Sensitivity vs receiver gain

Recently I have noticed many users recording spectra with low values for the receiver gain. The receiver gain is a scaling factor for the FID signal that ensures spectra are not distorted if the signal is too large, or resolution is lost if the signal is too small. Typically the receiver gain is set automatically by the command "rga", but users should pay attention to the value obtained as it is a good indicator of how successful the experiment will be. To demonstrate this I measured sensitivity at different receiver gain values.

The sample I used contained 1% chloroform in acetone-d6 in a 1.7mm NMR tube. I recorded a simple 1D ¹³C spectrum with decoupling during acquisition using 16 scans. Spectra were recorded with receiver gain values ranging from 1 to 2050. Two signals were obtained, one from the acetone carbonyl and the other from the acetone methyl groups. The chloroform was not detected. The signal to noise ratio was measured on both peaks using a 10,000 Hz region in the center of the spectrum for the noise. Below, the S/N is plotted against receiver gain.
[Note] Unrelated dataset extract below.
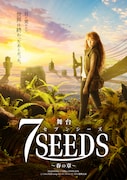 田村由美のマンガ「7SEEDS」を西田大輔が舞台化、末黒野花役は相楽伊織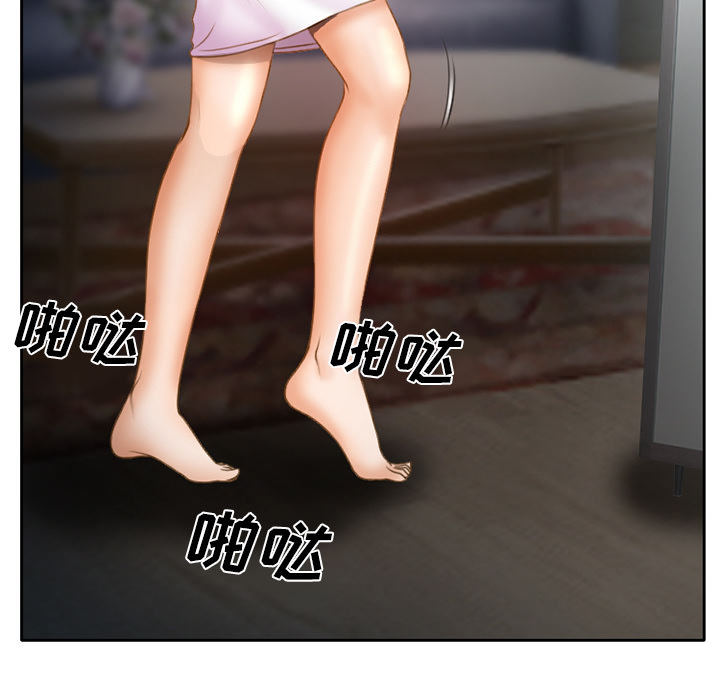 虚荣与谎言漫画,第20章：造物主2图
Both signals show the same trend, a linear increase in S/N until the receiver gain nears 100, after which it remains constant. This demonstrates that for maximum sensitivity the receiver gain should be at least 100. Running an experiment with the receiver gain set to 2.56, for example, reduces the sensitivity by a a factor of 5 and would need to be run 25 times as long as an experiment with the receiver gain set above 100. If you run "rga" and the receiver gain is set to a small value then you should consider changing something to increase the receiver gain.

The data above were obtained from 1D ¹³C spectra. The most common cause of low receiver gain settings with this type of experiment is a large spike at the start of the FID. This spike is caused by acquisition starting immediately after the last pulse. The pulse takes a finite time to return to zero and some of it may be recorded as part of the FID. Cryoprobes are particularly sensitive to this type of problem. Using a different type of pulse sequence, one which includes a delay between the last pulse and the start of acquisition, is the best solution. Such pulse sequences include the APT, DEPT, DEPTQ and INEPT discussed in the previous post.

For 1D ¹H spectra with large solvent peaks it is sometimes difficult to use large receiver gain values without clipping the FID and introducing artifacts. In these cases, the solvent suppression needs to be optimized, either by improving the shimming to narrow the peaks being suppressed, moving the center of the spectrum if using presaturation, or adjusting gradient strengths if using excitation sculpting or watergate.